**Work item:**
Leaving out all pictures, write down exactly the lines from the one containing "klokers(クロッカーズ)　KLOK08D3　本体単品　時計　ブラック" through the last line of the material.

**Data excerpt:**
━━━━━━━━━━━━━━━━

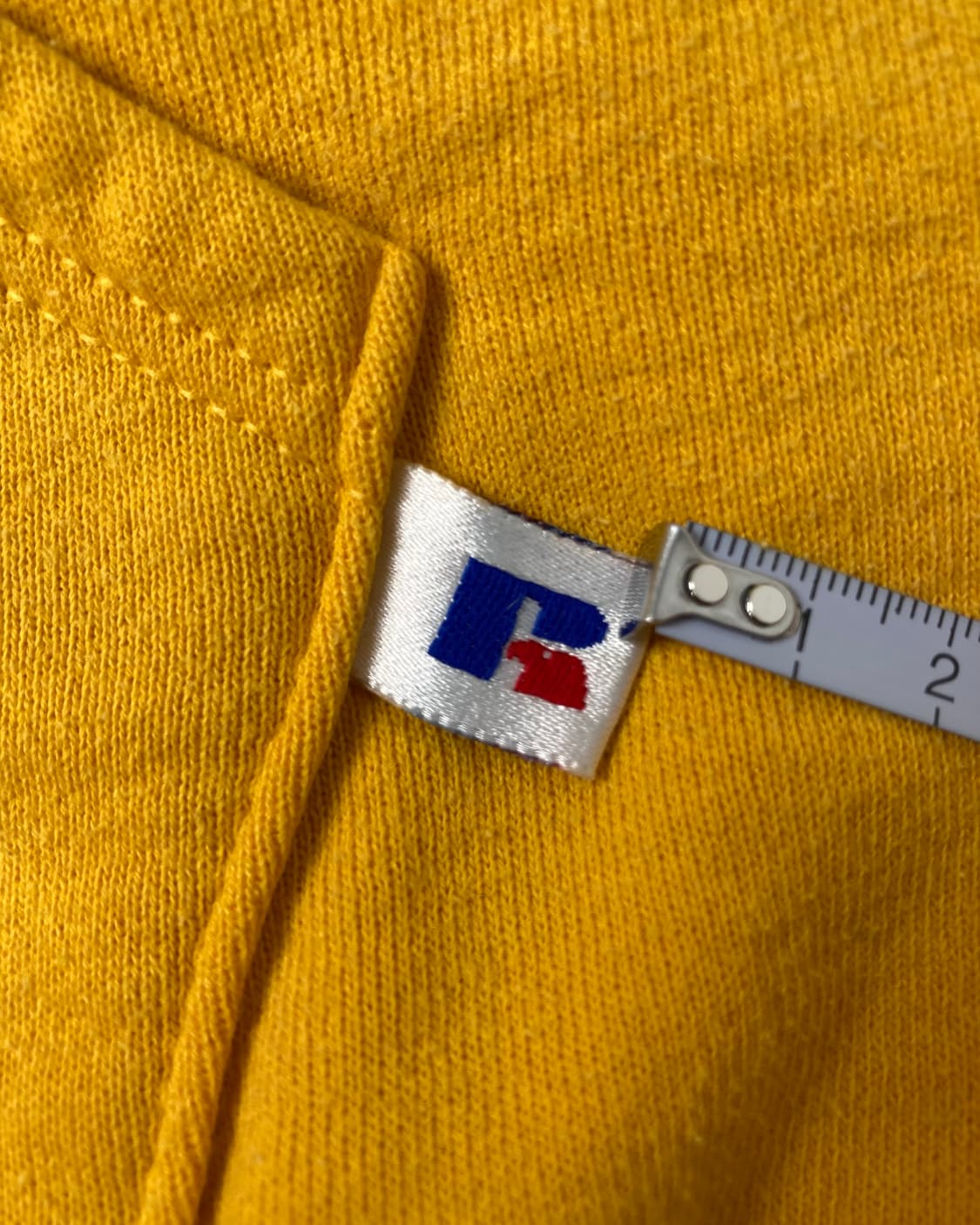 90s Russell Hoodie (yellow) 상품이미지5
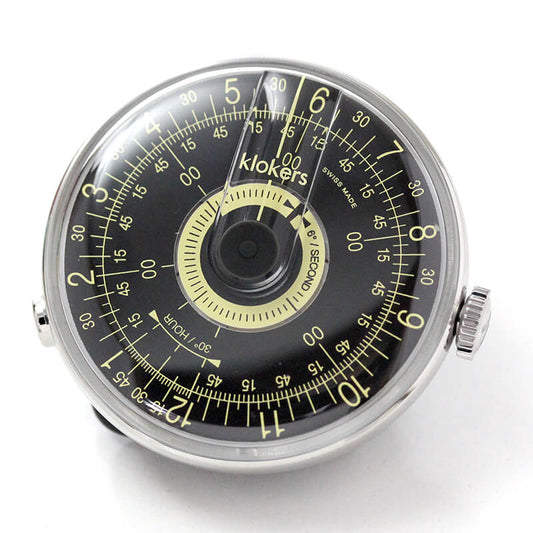 klokers(クロッカーズ)　KLOK08D3　本体単品　時計　ブラック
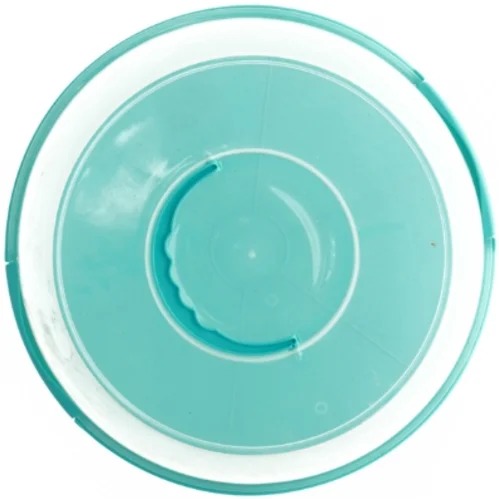 Plastbøtte - kage-transport-beholder (str. Diameter, 32 cm 15 cm)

━━━━━━━━━━━━━━━━

**Response to the task:**
 klokers(クロッカーズ)　KLOK08D3　本体単品　時計　ブラック
 Plastbøtte - kage-transport-beholder (str. Diameter, 32 cm 15 cm)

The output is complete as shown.